Top of SOURCE DATA

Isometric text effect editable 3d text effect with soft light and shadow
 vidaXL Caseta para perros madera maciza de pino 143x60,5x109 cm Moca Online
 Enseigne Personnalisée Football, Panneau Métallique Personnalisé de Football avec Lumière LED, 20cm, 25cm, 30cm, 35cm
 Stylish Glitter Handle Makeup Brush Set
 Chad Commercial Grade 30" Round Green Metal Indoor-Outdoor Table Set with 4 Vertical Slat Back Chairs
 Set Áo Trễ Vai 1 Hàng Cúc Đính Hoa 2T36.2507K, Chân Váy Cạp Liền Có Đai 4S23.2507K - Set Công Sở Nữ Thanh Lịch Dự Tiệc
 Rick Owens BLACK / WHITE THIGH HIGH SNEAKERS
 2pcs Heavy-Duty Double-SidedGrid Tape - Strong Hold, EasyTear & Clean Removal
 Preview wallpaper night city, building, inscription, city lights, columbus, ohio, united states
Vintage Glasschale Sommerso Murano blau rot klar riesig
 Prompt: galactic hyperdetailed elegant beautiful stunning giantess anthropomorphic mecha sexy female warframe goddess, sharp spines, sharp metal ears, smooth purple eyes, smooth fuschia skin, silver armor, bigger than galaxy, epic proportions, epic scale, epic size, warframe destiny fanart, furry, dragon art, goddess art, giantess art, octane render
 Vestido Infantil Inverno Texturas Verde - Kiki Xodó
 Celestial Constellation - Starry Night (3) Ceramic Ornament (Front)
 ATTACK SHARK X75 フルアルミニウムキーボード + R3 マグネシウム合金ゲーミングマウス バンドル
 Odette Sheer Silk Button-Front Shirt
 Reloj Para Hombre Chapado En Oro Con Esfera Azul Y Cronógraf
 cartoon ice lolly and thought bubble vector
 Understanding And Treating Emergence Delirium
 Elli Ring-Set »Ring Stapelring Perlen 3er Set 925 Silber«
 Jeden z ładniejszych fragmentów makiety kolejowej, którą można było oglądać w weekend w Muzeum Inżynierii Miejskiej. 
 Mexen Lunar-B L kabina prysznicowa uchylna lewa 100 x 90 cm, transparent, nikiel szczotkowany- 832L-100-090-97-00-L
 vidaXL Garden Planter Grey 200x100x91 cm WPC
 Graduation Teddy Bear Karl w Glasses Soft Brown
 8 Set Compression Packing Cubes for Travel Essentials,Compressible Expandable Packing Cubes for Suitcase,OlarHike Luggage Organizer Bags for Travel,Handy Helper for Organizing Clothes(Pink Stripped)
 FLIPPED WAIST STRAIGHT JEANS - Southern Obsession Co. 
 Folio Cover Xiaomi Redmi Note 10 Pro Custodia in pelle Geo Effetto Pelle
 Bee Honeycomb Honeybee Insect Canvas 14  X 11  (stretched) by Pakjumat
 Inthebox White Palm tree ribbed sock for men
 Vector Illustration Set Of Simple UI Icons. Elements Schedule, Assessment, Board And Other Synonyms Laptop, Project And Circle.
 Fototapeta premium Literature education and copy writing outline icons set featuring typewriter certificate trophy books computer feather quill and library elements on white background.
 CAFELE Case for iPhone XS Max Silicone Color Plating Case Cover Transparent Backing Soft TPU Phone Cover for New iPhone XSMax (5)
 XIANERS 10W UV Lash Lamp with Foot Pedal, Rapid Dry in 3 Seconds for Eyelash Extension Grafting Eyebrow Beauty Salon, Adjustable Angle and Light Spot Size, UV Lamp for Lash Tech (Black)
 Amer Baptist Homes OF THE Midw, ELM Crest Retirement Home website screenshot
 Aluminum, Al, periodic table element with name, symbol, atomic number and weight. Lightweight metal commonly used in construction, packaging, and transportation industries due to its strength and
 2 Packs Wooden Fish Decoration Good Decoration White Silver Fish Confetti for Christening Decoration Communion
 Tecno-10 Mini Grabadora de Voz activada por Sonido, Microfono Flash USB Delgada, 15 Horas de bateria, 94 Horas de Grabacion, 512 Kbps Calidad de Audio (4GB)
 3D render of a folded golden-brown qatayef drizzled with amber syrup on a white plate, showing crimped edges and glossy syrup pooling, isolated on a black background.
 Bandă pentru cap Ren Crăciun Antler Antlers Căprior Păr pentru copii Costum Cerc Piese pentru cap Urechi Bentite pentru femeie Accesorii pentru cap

Bottom of SOURCE DATA

**YOUR ASSIGNMENT**
Scan the records above for the lines holding "Chad Commercial Grade" and "Stapelring Perlen 3er". Transcribe those two and every line between them word for word, and no others.

**YOUR SOLUTION**
 Chad Commercial Grade 30" Round Green Metal Indoor-Outdoor Table Set with 4 Vertical Slat Back Chairs
 Set Áo Trễ Vai 1 Hàng Cúc Đính Hoa 2T36.2507K, Chân Váy Cạp Liền Có Đai 4S23.2507K - Set Công Sở Nữ Thanh Lịch Dự Tiệc
 Rick Owens BLACK / WHITE THIGH HIGH SNEAKERS
 2pcs Heavy-Duty Double-SidedGrid Tape - Strong Hold, EasyTear & Clean Removal
 Preview wallpaper night city, building, inscription, city lights, columbus, ohio, united states
Vintage Glasschale Sommerso Murano blau rot klar riesig
 Prompt: galactic hyperdetailed elegant beautiful stunning giantess anthropomorphic mecha sexy female warframe goddess, sharp spines, sharp metal ears, smooth purple eyes, smooth fuschia skin, silver armor, bigger than galaxy, epic proportions, epic scale, epic size, warframe destiny fanart, furry, dragon art, goddess art, giantess art, octane render
 Vestido Infantil Inverno Texturas Verde - Kiki Xodó
 Celestial Constellation - Starry Night (3) Ceramic Ornament (Front)
 ATTACK SHARK X75 フルアルミニウムキーボード + R3 マグネシウム合金ゲーミングマウス バンドル
 Odette Sheer Silk Button-Front Shirt
 Reloj Para Hombre Chapado En Oro Con Esfera Azul Y Cronógraf
 cartoon ice lolly and thought bubble vector
 Understanding And Treating Emergence Delirium
 Elli Ring-Set »Ring Stapelring Perlen 3er Set 925 Silber«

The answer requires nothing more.